All’interno dei dungeon, ad ogni passo del nostro team corrisponde un passo di tutti i pokémon che vi dimorano, dando al giocatore il tempo di pianificare la propria strategia di movimento tra un combattimento e l’altro. Questo, purtroppo, viene completamente vanificato dal fatto che sulla mappa i pokémon ostili non sono visibili a meno che non si trovino nelle immediate vicinanze del team.

Parlando degli incontri, vera core mechanic della serie principale, non si può non sottolineare lo stato confusionale in cui versa il sistema di combattimento del titolo. Se l’incontro avviene nelle sezioni all’aperto, ci si ritroverà automaticamente a combattere  all’interno di una griglia, che dovrà essere richiamata con la pressione di un tasto quando il combattimento avverrà nel dungeon.  Durante la battaglia, premendo il tasto A sulla console sarà possibile effettuare un attacco di potenza risibile, mentre tenendo premuto il tasto L si aprirà il menu con le mosse a disposizione del nostro pokémon (ognuna associata ai tasti A B X e Y). Ciascun pokémon del nostro team, potrà eseguire un determinato numero di mosse e gli attacchi seguiranno un ordine prestabilito ovvero: avversario-giocatore-resto del team e così via, fino alla fine della battaglia. Già durante i primi scontri viene da domandarsi se gli sviluppatori volessero proporre uno strategico a turni, oppure se volessero continuare a proporre un sistema di battaglia da JGDR come nella serie regolare. Il manifestarsi della griglia all’aperto, e la sua apparente inutilità all’interno dei dungeon lascia, infatti, nel giocatore un senso di confusione che lo accompagnerà durante tutte le battaglie. L’aggravante, inoltre, risiede nell’intelligenza artificiale dei compagni di squadra che daranno fondo sin da subito ad i loro attacchi più potenti, quando non decideranno spontaneamente di lasciare il team per andare ad aggredire uno dei residenti del dungeon, così d’emblée. (Essì che i dialoghi non lasciavano presagire nulla di buono sul versante dell’intelligenza).

Il menu delle mosse disponibili

Oltre al sistema di combattimento, Pokémon Mystery Dungeon: I Portali sull’Infinito, riprende lo spirito “Gotta catch’em all” proprio del franchise. Sarà possibile, infatti, reclutare i pokémon ostili che si incontreranno all’interno dei dungeon e questi non solo diverranno membri selezionabili per il nostro team di esplorazione ma andranno anche ad abitare il Poképaradiso.

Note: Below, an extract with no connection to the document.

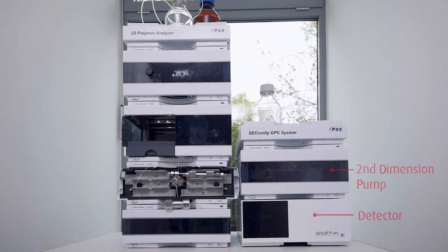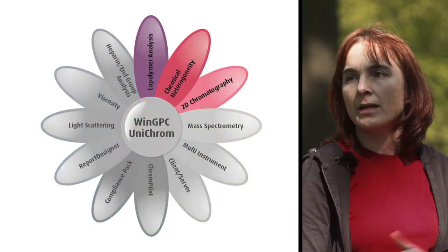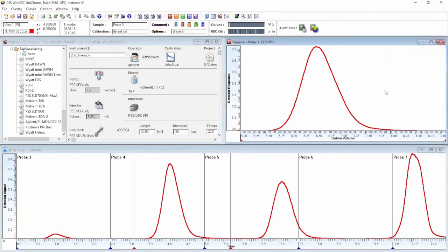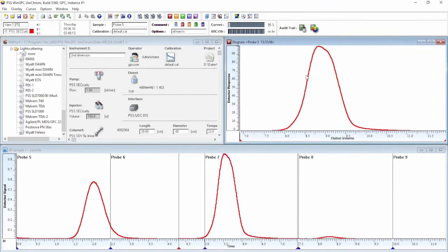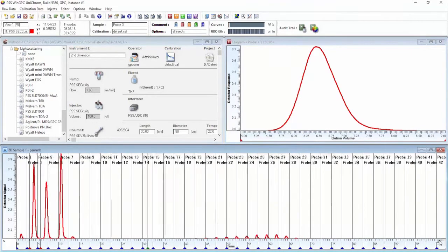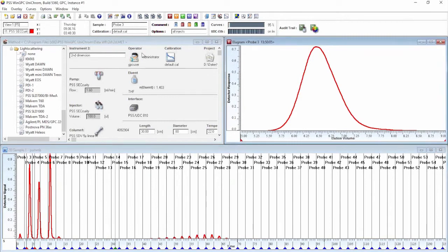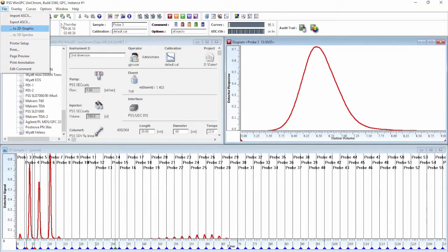We need at least one detector capable of detecting all the fractions, and then we need software which can record all those fractions and build a two-dimensional or even three-dimensional plot to analyze and visualize the results. Here we have the chromatograms obtained by the two-dimensional separation, and we can see how it would look if we did just the first dimension separation.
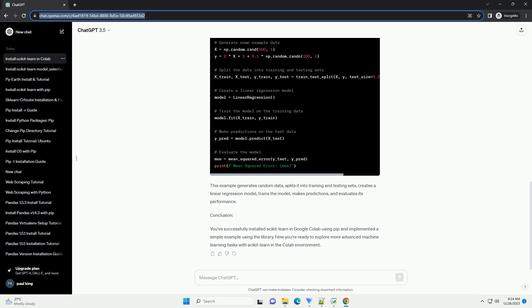Conclusion: You've successfully installed Scikit-Learn in Google Colab using PIP and implemented a simple example using the library. Now you're ready to explore more advanced machine learning tasks with Scikit-Learn in the Colab environment.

Mutuato da Animal Crossing, che io personalmente ho apprezzato moltissimo, il Poképaradiso è una sorta di villaggio-rifugio che avremo il compito di ampliare, in modo da ottenere un’area sempre più vasta per installarci un vario numero di costruzioni dagli scopi più disparati. Sarà possibile approntare terreni di coltura per gli oggetti di recupero della salute, costruire negozi di diverso genere e persino dei Dojo dove addestrare i nostri pokémon e renderli ancora più efficaci. Non fosse legata a doppio filo alle missioni che appariranno costantemente sulla bacheca, che ci porteranno e riporteranno ad esplorare fin troppe volte lo stesso dungeon, la fase di sviluppo ed espansione del Poképaradiso sarebbe anche risultata divertente, oltre che interessante, ma anche in questo caso l’intera esperienza  risulta appesantita dal generale senso di confusione e ripetitività.

L’orto per la coltivazione degli oggetti di recupero

Tecnicamente, Pokémon Mystery Dungeon: I Portali sull’Infinito si presenta tutt’altro che male: il comparto grafico risulta gradevole, con le ambientazioni in esterna colorate e rese in maniera pulita che fanno da sfondo ad una nutrita schiera di pokémon rappresentati con modelli poligonali fedeli al concept originale, e caratterizzati da numerose espressioni sia in-game che nei cammeo durante i dialoghi. Il comparto audio, propone invece un commento musicale di poco sopra la media, con pezzi orecchiabili che richiamano la natura svagata e colorata del mondo di gioco.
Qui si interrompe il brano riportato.